I've been following the threads for sometime but haven't posted until now. I followed PTWM from the very beginning and was drawn in by her earlier stories as I myself has experienced the abuse growing up that she apparently did. I found it incredible that someone could be so open on social media in front of hundreds of thousands of people of the awful things she went through as I would never have the balls to myself. I struggle even thinking of things I went through let alone tell the world. I was in awe of her for that.

However, as time went on, she seemed to have a dramatic story behind every usual mundane thing in life which seemed too far fetched. I started to question whether she was exaggerating things in her life for entertainment and engagement purposes and her page was becoming more of a soap opera rather than real life. Of course there's nothing wrong with that, but be transparent about it.

I almost set up a standing order for her PayPal account after hearing the horrendous stories of her warriors, however I had niggling doubts. Maybe the fact that I'd be donating to a strangers personal account rather than a charity is what threw me off. I know that many did donate though without even questioning it.

What got me is that lost from December. She was talking about a warrior and what a shit day she had and throwing in there that she needed a deposit to buy her home from the landlady. I didn't see how that was relevant to the warrior. I knew as soon as i read it that her 'crew' were going to come up with a fundraising campaign for her,. Maybe she also knew... hence why she threw it in the post? But what gets me the most is December is the same month that she found out she's pregnant... coincidence?

Since then her Instagram page seems to be all about her and her homelife. She doesn't post on her Facebook page anywhere near as much as she used to and rarely are there any posts of her helping out DA victims anymore. This is what has probably triggered donators to question where their money is going. Especially with the hypocrisy of her screaming she's skint one minute and showing off a mulbury bag the next. I would say her finances absolutely have nothing to do with the public however, if she's taking money off the public then it absoultely does. Especially when that money has been taken under pretence.

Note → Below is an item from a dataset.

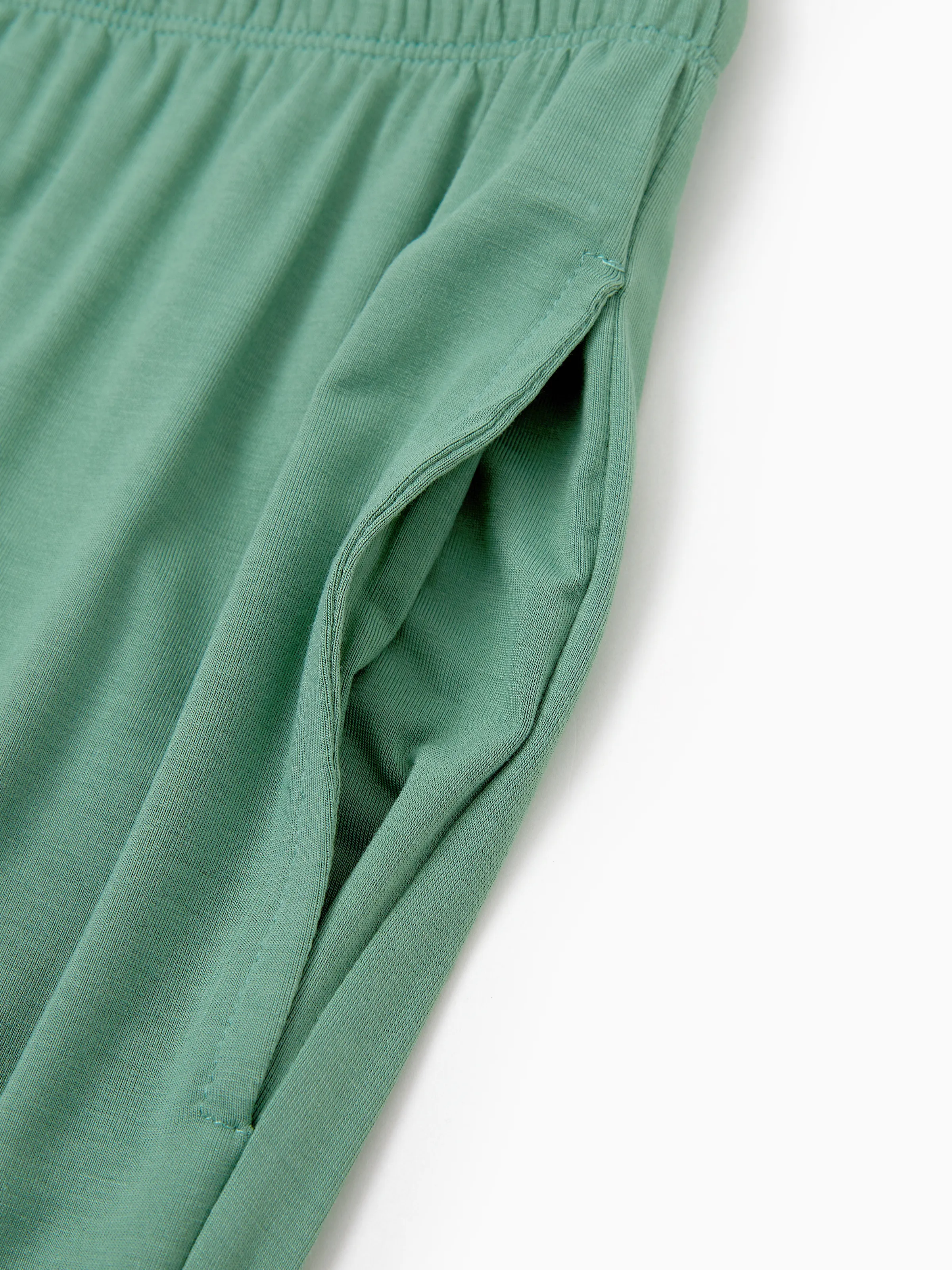Daddy & Son Bamboo Pajamas Buttery Soft Bamboo Viscose PJs for Men Women Kids Toddler Baby, Solid Color Short Sleeve Shirt & Shorts Sleepwear Green - Image 8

I was disgusted when I saw her reply on joshes post, as I've been following the thread for a while, I knew as I was reading it that there was no plotting and planning to troll his account, no personal attacks on kidscape employees and there had been no answer to where the PayPal donations have been going. From her crying fit about tattle a few weeks ago I knew there had been no poll and no wishes of harm to her baby. She's a down and out LIAR and this understandably has fuelled those who have donated who only wanted their questions answered. The lies have also confirmed to me that the majority of her 'stories' are probably lies too! To draw in the followers to gain more fame and profit.

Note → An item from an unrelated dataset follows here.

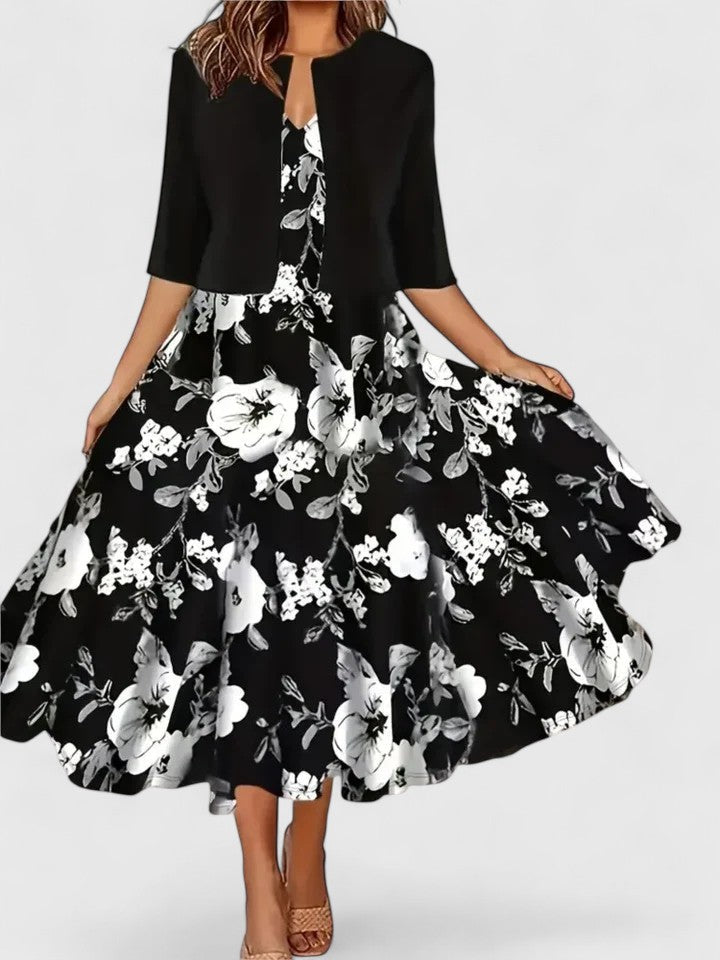 Azucena | Robe midi élégante à imprimé floral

With regards to her wording on her PayPal account, I see no reference that she will be taking a salary from the donations? It does say that she wants regular donations so that she has the time to help the warriors and charities etc, otherwise she will have to run regular campaigns which would eat up her time that could be spent actively helping them instead... not so that she can give up work commitments and take a salary from it? Does anyone else see that? If I'm correct then surely this is fraud? Like someone going house to house scamming old ladies to donate to none-existant charities. Those scammers would be prosecuted... how is this any different?

For the record I don't have anything personal against this woman, what I am against is vulnerable people being scammed and lied to for someone's gain. And then that gain being flaunted and those questioning it being slandered and abused!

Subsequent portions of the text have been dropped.